• WHAT YOU HAVE TO DO:
From the records below, transcribe exactly the lines that begin at the line with "2.5mm Rose Gold" and end at the line with "Pohled na Iowa", both included.

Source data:
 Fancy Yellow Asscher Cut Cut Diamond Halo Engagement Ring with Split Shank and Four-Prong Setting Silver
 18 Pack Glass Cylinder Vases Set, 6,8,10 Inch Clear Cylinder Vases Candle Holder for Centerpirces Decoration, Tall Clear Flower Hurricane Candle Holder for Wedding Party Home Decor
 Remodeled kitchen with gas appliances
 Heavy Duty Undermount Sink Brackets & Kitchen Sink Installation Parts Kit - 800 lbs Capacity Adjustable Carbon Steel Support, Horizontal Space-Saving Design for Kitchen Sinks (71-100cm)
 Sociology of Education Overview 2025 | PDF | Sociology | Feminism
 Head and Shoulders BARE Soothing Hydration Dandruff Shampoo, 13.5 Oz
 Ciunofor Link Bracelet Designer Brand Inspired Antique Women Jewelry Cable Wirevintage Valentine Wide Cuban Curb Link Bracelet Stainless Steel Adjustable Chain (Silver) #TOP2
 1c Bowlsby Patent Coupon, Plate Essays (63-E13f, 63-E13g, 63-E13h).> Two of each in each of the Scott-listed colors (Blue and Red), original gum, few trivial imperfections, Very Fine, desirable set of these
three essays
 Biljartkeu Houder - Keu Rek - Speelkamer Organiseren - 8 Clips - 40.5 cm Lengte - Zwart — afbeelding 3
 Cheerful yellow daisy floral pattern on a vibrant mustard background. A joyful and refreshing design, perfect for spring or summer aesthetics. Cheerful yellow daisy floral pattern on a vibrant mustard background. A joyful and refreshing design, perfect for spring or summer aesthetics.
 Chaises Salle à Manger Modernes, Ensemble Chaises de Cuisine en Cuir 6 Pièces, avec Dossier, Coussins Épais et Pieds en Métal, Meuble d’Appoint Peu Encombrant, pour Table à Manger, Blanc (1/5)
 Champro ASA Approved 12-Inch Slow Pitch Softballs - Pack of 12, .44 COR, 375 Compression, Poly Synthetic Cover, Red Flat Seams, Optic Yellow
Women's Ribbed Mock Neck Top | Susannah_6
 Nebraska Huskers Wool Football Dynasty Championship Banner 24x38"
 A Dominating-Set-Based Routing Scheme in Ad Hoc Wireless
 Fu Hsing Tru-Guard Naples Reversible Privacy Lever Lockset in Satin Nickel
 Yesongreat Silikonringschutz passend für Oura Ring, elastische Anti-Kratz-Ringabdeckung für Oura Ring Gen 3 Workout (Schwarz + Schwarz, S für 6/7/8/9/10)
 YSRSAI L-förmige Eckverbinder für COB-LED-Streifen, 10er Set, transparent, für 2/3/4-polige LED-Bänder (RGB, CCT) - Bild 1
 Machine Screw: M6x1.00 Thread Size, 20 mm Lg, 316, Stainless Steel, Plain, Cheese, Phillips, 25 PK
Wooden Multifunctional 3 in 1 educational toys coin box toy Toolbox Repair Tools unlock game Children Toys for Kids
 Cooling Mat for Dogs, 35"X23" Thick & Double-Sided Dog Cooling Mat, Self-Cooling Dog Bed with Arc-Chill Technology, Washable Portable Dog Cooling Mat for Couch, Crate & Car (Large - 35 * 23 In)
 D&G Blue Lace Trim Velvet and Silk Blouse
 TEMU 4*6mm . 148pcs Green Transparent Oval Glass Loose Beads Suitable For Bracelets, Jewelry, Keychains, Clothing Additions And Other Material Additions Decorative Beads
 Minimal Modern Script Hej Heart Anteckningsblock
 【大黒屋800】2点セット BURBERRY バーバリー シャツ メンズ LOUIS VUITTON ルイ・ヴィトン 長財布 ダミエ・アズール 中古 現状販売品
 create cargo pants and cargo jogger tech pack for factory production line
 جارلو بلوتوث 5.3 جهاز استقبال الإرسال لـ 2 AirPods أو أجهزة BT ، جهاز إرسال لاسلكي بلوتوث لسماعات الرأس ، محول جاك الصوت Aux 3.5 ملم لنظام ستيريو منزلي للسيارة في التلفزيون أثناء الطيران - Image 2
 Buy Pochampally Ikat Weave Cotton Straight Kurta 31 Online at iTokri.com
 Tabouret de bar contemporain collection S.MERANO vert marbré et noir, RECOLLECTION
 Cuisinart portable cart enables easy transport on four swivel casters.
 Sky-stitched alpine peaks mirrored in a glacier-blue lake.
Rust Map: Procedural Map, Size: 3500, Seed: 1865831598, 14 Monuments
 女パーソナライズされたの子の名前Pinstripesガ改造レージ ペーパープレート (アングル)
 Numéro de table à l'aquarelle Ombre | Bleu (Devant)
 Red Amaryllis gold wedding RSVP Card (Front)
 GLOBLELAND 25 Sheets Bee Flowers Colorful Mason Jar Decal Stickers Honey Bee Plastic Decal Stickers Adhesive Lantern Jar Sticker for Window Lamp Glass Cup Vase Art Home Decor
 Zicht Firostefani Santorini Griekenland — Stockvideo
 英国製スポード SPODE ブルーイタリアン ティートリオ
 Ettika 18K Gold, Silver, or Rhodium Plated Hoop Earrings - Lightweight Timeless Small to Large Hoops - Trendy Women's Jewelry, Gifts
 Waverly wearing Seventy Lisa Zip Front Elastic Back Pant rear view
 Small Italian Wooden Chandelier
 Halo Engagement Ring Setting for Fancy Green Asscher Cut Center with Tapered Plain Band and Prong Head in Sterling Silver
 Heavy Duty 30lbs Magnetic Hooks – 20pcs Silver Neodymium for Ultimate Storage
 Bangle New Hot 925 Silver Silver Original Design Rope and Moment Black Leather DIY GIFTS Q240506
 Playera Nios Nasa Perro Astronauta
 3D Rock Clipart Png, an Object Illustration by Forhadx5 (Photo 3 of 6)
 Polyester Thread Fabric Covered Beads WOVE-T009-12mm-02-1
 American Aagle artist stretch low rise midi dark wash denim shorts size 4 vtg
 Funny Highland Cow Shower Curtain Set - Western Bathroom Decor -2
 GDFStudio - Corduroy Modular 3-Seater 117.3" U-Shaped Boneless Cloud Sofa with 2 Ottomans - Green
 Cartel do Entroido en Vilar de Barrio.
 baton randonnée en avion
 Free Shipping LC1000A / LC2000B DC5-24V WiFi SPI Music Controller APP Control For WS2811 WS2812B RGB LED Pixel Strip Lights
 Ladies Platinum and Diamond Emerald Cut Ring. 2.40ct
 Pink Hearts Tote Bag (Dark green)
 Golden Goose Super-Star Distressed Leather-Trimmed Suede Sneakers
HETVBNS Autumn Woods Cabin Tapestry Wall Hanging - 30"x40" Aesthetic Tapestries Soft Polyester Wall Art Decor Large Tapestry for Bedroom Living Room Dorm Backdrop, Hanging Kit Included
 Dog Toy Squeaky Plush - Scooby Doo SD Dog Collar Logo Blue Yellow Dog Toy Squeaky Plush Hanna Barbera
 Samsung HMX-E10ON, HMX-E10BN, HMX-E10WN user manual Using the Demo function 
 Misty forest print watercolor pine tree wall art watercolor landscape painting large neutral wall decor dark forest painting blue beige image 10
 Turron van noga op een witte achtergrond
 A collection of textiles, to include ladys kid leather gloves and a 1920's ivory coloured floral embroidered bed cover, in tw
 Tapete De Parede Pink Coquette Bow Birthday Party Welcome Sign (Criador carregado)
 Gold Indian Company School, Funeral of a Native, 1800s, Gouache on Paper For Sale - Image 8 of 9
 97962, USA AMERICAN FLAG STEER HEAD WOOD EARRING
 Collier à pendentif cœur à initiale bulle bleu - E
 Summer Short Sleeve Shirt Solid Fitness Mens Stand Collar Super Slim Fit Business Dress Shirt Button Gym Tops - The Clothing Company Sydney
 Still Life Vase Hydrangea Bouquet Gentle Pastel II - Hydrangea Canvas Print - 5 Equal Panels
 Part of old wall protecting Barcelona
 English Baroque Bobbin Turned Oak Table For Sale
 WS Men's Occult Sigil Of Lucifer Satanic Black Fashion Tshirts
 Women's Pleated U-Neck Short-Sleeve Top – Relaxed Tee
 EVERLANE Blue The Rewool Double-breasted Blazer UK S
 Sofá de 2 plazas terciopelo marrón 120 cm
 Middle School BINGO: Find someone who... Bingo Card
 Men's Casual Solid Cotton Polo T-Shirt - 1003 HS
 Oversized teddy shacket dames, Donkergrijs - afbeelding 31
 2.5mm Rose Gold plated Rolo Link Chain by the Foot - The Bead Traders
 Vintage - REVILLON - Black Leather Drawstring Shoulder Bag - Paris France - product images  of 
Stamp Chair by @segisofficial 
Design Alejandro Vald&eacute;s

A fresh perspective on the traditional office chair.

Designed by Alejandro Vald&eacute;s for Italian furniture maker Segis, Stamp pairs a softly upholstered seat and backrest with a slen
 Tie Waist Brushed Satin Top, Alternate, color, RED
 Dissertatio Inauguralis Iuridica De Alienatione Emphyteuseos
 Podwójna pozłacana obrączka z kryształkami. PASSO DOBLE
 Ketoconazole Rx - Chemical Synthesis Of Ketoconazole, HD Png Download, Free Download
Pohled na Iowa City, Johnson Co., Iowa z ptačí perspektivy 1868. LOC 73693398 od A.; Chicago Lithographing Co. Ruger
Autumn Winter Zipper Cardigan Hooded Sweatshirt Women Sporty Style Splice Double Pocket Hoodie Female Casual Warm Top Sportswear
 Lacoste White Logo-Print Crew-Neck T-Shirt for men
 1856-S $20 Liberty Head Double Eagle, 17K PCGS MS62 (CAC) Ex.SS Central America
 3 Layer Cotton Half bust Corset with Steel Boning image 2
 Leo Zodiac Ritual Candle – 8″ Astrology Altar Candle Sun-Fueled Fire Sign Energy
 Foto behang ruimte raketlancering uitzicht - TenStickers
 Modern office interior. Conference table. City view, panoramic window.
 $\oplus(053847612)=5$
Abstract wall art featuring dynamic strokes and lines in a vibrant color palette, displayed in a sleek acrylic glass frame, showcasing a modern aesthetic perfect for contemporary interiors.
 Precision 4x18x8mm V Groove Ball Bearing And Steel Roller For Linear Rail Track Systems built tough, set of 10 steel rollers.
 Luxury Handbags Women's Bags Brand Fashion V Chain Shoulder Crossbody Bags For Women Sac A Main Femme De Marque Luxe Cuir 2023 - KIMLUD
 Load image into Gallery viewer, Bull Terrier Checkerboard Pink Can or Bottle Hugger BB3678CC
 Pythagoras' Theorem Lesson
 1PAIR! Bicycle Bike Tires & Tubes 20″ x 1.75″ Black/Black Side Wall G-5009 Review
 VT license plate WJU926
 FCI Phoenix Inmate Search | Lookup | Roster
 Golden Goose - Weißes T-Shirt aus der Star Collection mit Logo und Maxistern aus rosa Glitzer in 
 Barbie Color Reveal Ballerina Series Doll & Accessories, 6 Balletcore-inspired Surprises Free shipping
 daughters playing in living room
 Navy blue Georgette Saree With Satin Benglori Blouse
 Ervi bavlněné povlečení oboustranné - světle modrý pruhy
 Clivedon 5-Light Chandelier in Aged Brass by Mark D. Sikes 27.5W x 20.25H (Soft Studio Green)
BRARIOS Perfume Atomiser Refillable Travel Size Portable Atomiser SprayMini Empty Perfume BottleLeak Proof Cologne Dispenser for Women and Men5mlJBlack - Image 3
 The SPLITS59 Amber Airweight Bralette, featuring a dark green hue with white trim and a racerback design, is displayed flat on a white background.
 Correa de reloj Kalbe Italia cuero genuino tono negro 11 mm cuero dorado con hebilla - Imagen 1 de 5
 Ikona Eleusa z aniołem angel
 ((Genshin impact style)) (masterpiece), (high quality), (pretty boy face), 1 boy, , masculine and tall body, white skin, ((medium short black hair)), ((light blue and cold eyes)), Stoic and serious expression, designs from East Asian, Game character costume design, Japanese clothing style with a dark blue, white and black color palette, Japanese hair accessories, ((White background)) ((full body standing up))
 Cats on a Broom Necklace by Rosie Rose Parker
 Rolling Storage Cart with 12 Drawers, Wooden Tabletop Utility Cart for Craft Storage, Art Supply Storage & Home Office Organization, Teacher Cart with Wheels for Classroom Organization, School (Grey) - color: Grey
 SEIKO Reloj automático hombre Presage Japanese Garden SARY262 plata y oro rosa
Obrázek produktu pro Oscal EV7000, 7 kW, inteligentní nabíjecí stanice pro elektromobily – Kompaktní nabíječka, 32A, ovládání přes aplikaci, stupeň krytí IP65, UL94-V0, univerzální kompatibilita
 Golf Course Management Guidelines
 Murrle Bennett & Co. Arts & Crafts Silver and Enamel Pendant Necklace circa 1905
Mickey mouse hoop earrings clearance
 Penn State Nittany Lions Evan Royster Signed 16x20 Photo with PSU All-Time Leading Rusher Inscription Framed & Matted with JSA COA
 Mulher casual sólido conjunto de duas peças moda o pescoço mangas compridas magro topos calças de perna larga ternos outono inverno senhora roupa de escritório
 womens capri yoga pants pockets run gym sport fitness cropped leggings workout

• OUTPUT BELOW:
 2.5mm Rose Gold plated Rolo Link Chain by the Foot - The Bead Traders
 Vintage - REVILLON - Black Leather Drawstring Shoulder Bag - Paris France - product images  of 
Stamp Chair by @segisofficial 
Design Alejandro Vald&eacute;s

A fresh perspective on the traditional office chair.

Designed by Alejandro Vald&eacute;s for Italian furniture maker Segis, Stamp pairs a softly upholstered seat and backrest with a slen
 Tie Waist Brushed Satin Top, Alternate, color, RED
 Dissertatio Inauguralis Iuridica De Alienatione Emphyteuseos
 Podwójna pozłacana obrączka z kryształkami. PASSO DOBLE
 Ketoconazole Rx - Chemical Synthesis Of Ketoconazole, HD Png Download, Free Download
Pohled na Iowa City, Johnson Co., Iowa z ptačí perspektivy 1868. LOC 73693398 od A.; Chicago Lithographing Co. Ruger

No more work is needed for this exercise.